Speaking at a press conference in Kabul on November 3, he also pledged to eradicate what he called "the stain" of corruption in Afghanistan.
Karzai's only challenger, Abdullah Abdullah, withdrew from the vote on November 1, citing doubts about the fairness of the process.
On November 2, U.S. President Barack Obama congratulated Karzai on securing another term and urged him to do more to fight corruption.
White House Press Secretary Robert Gibbs said Obama was relieved that a complicated Afghan electoral process had concluded.
"I think by all accounts, this has been a difficult process," he said. "This is the first election run by the Afghans.

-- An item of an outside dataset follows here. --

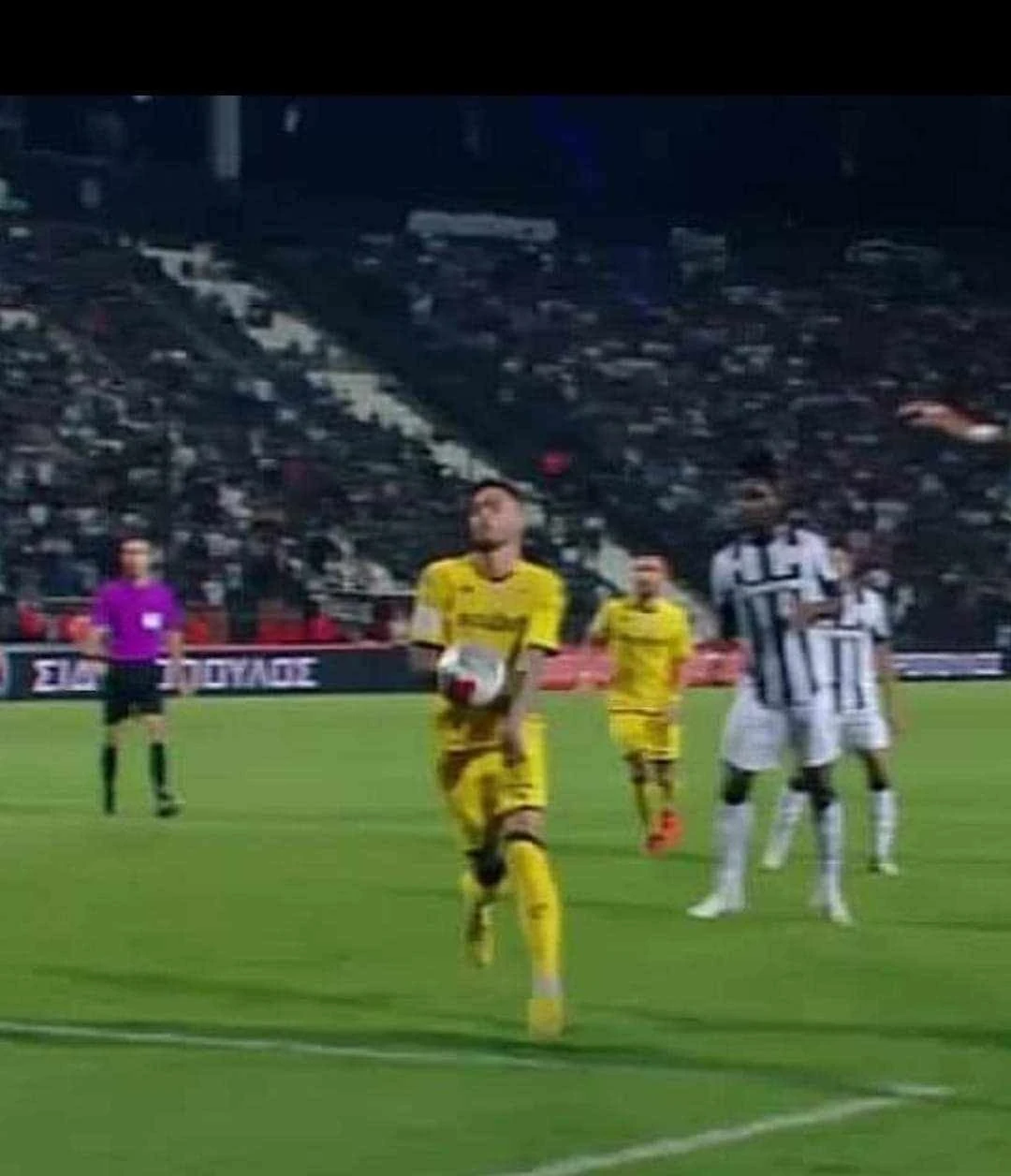 penalti-paok-aris.jpg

But I think the president, the [U.S.] Embassy there, and everyone can take heart in the notion that the laws of Afghanistan and the institutions of Afghanistan prevailed."
At the State Department, spokesman Ian Kelly said the United States is "prepared to work with this partner, who was elected according to Afghan laws in an election that was conducted by Afghan institutions."
He added, "We have a big stake in Afghanistan. The international community has a big stake in Afghanistan. We stand ready to support them as they go forward."
EU External Affairs Commissioner Benita Ferrero-Waldner said Abdullah's withdrawal from the presidential campaign and the cancellation of the runoff won't change the EU's plans to increase aid to Afghanistan.
Speaking to journalists in Kabul on November 2, Azizullah Ludin, who heads the Afghan Independent Election Commission (IEC), said "the economic and political fallout of this protracted process" and the prevention of "uncertainty and challenges to the security" were the main reasons behind the commission's decision to call off the runoff.
"In the light of all these arguments and in line with Article 156 of the constitution and Article 49 of the election law," he said, "the election commission is declaring Mr. Hamid Karzai, the leading candidate in the first round of the election and the only candidate in the second round of the election, as the elected president."
The announcement came shortly after visiting UN Secretary-General Ban Ki-moon had called for a decision on the election "as soon as possible." Afterward, Ban said he welcomed the IEC's decison to forego the runoff and declare Karzai the winner.
Earlier in the day, Ban had met separately with Karzai and former Foreign Minister Abdullah Abdullah, who on November 1 withdrew from the second-round runoff because he felt a fair and transparent vote was not possible.
Speaking to journalists in Kabul, Ban expressed hope that the Afghan election commission would uphold the law in deciding whether to go ahead with the vote.
"I am sure that the due process and observance of the law will prevail. And the Afghan Independent Election Commission will apply constitutionally correct procedures," Ban said.
Western diplomats were reportedly not in favor of holding the second-round vote following Abdullah's pullout.
The U.S. Embassy in Kabul and the British government have both welcomed the IEC's decison and congratulated Karzai on his victory.
The runoff was called after a United Nations-backed investigation found that widespread fraud, mainly in favor of Karzai, had been committed during the first-round vote held on August 20.
The UN secretary-general is in Kabul to show solidarity with UN election workers after an attack on a UN guesthouse in the Afghan capital killed five UN international staff and three Afghans last week.